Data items
★ ★ ★ ★ ★
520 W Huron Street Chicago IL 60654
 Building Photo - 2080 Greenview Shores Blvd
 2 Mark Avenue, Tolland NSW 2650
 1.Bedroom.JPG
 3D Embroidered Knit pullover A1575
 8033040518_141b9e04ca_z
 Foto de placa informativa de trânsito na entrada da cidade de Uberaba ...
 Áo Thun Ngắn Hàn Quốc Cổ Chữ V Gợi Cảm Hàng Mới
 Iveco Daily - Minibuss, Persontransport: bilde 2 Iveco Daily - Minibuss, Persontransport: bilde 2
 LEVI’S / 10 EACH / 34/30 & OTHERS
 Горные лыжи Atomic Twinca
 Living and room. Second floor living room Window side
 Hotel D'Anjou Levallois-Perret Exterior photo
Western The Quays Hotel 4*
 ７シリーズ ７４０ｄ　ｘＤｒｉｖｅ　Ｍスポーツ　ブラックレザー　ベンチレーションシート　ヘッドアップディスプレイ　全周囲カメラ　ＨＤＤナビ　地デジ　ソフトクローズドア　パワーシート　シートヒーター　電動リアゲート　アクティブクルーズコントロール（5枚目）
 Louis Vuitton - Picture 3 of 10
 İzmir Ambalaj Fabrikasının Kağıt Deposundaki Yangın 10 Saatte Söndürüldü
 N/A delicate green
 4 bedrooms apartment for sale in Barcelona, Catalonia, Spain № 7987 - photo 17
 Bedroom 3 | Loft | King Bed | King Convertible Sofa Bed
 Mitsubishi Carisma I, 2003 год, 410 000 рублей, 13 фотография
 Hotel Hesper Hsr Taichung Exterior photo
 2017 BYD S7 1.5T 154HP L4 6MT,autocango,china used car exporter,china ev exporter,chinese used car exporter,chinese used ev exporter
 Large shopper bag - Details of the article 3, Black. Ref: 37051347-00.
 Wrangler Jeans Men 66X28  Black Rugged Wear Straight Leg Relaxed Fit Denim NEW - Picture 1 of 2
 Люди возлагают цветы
★ ★ ★ ★ ★
* EXERCISE BRIEF *
Would you please filter the lines above and copy every one that includes "Picture"?

* PROBLEM SOLUTION *
 Louis Vuitton - Picture 3 of 10
 Wrangler Jeans Men 66X28  Black Rugged Wear Straight Leg Relaxed Fit Denim NEW - Picture 1 of 2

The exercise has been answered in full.